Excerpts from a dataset
· · · ·

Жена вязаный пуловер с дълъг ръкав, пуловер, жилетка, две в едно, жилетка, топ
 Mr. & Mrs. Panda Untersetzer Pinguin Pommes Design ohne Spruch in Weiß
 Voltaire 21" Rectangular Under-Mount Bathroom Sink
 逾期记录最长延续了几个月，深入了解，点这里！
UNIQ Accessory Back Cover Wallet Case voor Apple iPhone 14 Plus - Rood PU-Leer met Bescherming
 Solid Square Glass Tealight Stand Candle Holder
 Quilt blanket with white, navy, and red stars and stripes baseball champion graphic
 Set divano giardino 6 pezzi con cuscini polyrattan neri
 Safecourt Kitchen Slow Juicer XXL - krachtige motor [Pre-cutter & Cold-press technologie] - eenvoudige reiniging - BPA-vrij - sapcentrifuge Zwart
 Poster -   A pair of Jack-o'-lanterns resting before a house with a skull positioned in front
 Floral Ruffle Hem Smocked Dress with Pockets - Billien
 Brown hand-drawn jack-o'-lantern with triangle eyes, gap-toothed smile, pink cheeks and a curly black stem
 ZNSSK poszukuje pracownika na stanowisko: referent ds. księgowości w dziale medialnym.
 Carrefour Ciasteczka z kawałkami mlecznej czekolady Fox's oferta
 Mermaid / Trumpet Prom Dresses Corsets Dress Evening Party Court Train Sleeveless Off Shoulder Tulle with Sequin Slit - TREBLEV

· · · ·

→ WHAT IS EXPECTED: Set every record down again, exactly as given.

→ RESPONSE:
Жена вязаный пуловер с дълъг ръкав, пуловер, жилетка, две в едно, жилетка, топ
 Mr. & Mrs. Panda Untersetzer Pinguin Pommes Design ohne Spruch in Weiß
 Voltaire 21" Rectangular Under-Mount Bathroom Sink
 逾期记录最长延续了几个月，深入了解，点这里！
UNIQ Accessory Back Cover Wallet Case voor Apple iPhone 14 Plus - Rood PU-Leer met Bescherming
 Solid Square Glass Tealight Stand Candle Holder
 Quilt blanket with white, navy, and red stars and stripes baseball champion graphic
 Set divano giardino 6 pezzi con cuscini polyrattan neri
 Safecourt Kitchen Slow Juicer XXL - krachtige motor [Pre-cutter & Cold-press technologie] - eenvoudige reiniging - BPA-vrij - sapcentrifuge Zwart
 Poster -   A pair of Jack-o'-lanterns resting before a house with a skull positioned in front
 Floral Ruffle Hem Smocked Dress with Pockets - Billien
 Brown hand-drawn jack-o'-lantern with triangle eyes, gap-toothed smile, pink cheeks and a curly black stem
 ZNSSK poszukuje pracownika na stanowisko: referent ds. księgowości w dziale medialnym.
 Carrefour Ciasteczka z kawałkami mlecznej czekolady Fox's oferta
 Mermaid / Trumpet Prom Dresses Corsets Dress Evening Party Court Train Sleeveless Off Shoulder Tulle with Sequin Slit - TREBLEV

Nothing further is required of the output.